Ipirotikos Agon
- Publisher: Ms Lukia Tzallas
- Headquarters: Ioannina, Epirus
- Website: http://www.agon.gr/

= Ipirotikos Agon =

Ipirotikos Agon ("Epirot Struggle") (Greek: Ηπειρωτικός Αγών) is one of the oldest newspapers published in Greece. Its headquarters are in Ioannina, Epirus.

==History==
It was set in 1923 in the region of Epirus and was first published with the title "Thunder". The next year it was retitled to Ipirotiki Icho ("Epirote Echo") until 1927, when it took its current title.

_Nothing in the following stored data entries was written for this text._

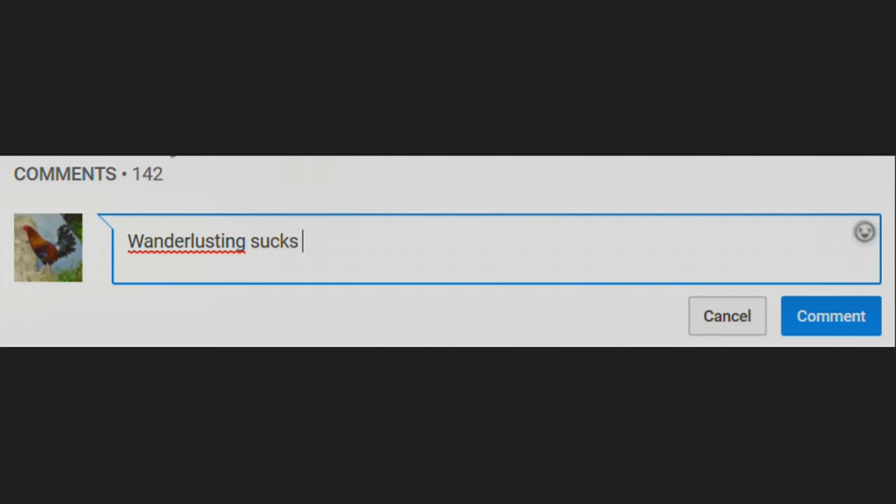If you like the video, click the like button or go to the comment section and tell me what you would do different.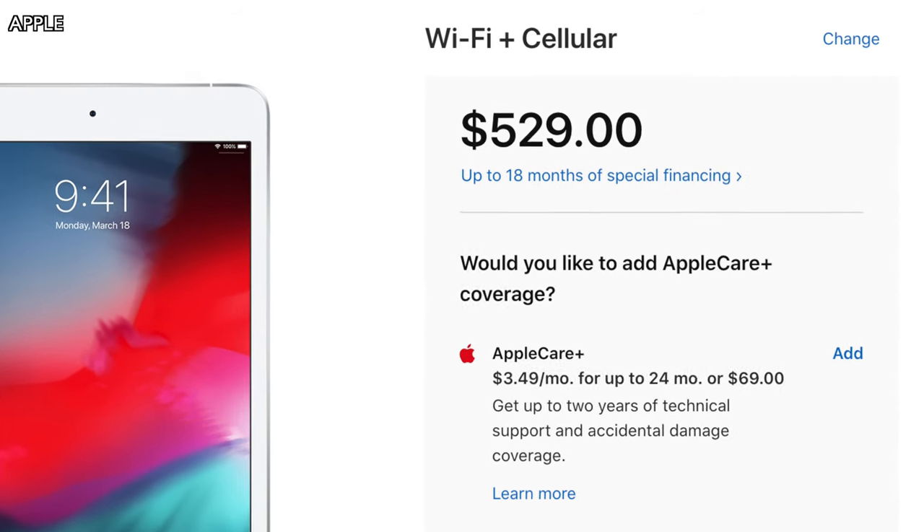You can also get cellular on the iPad Mini, and it starts at $529 for that option — about a $130 increase over the Wi-Fi model.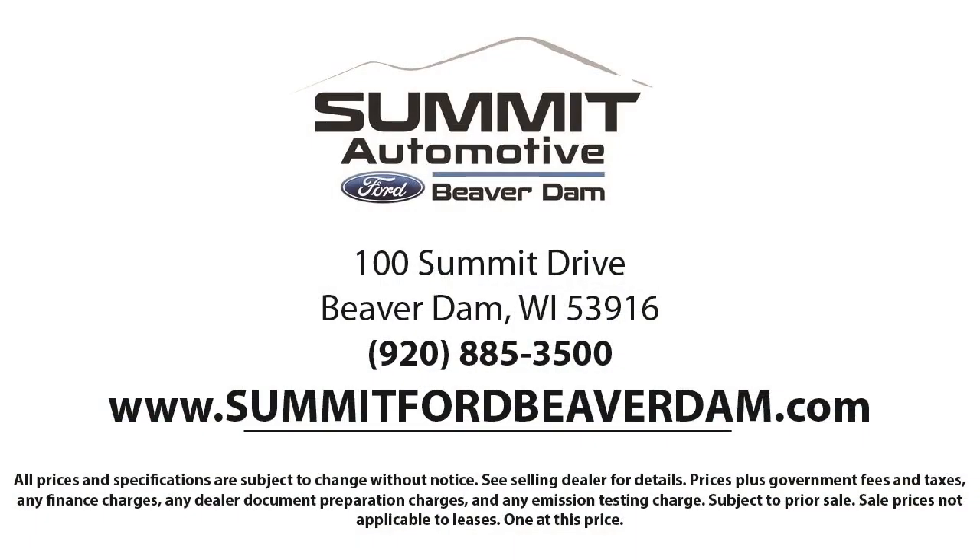Our friendly and knowledgeable staff is here to ensure you get exactly what you want in your new vehicle. Here at Summit Ford, we always strive to deliver a first-class car shopping experience, and we'll show you how much you mean to us as our valued customer.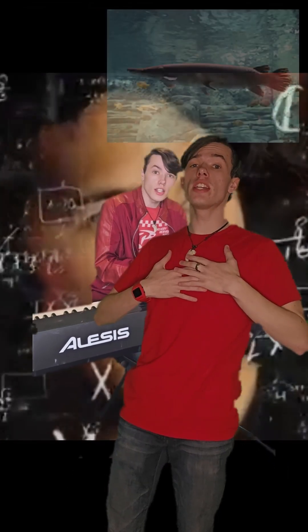Manta rays are awesome, like massive ethereal birds flying through the sea, but where did they come from?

During the past seventy-eight years the news-paper has been circulating daily without failure. The only exception was during the Second World War, when the local news-papers were forced for two years to publish a common "News Bulletin".

A second exception occurred during the period of 1973 to 1974 when the dictatorial Regime of the Colonels stopped the paper's circulation for some time, due to anti-dictatorship editions. During the newspaper's history there have been two publishers who have been connected more than anybody else with the publishing of the newspaper. Efthimios Tzallas was publisher until 1968, and after him his son Eleftherios became publisher and head of the news-paper until 1983.

In 2000 Ipirotikos Agon celebrated its twenty-thousandth newspaper publication, making a special edition for old colleagues, employees, subscribers and readers, to "testify" their own experience through the history of the newspaper.

Ipirotikos Agon was nominated for two more distinctions in the recent years. On 22 March 2004, the Athanasios Vas. Botsis Institute for the Promotion of Journalism awarded a prize to Ipirotikos Agon for its overall contribution to the media throughout its 77-year history, the quality of the newspaper and the coverage of regional issues.

On 22 November 2007, Ipirotikos Agon and its columnists Alekos Raptis and Thimios Tzallas received the State Award for Best Article in a regional newspaper for the year 2006. The article was titled: "5 dramatic pictures re-emerge" and referred to the deportation of Ioannina's Jewish Community by the Nazis in 1944.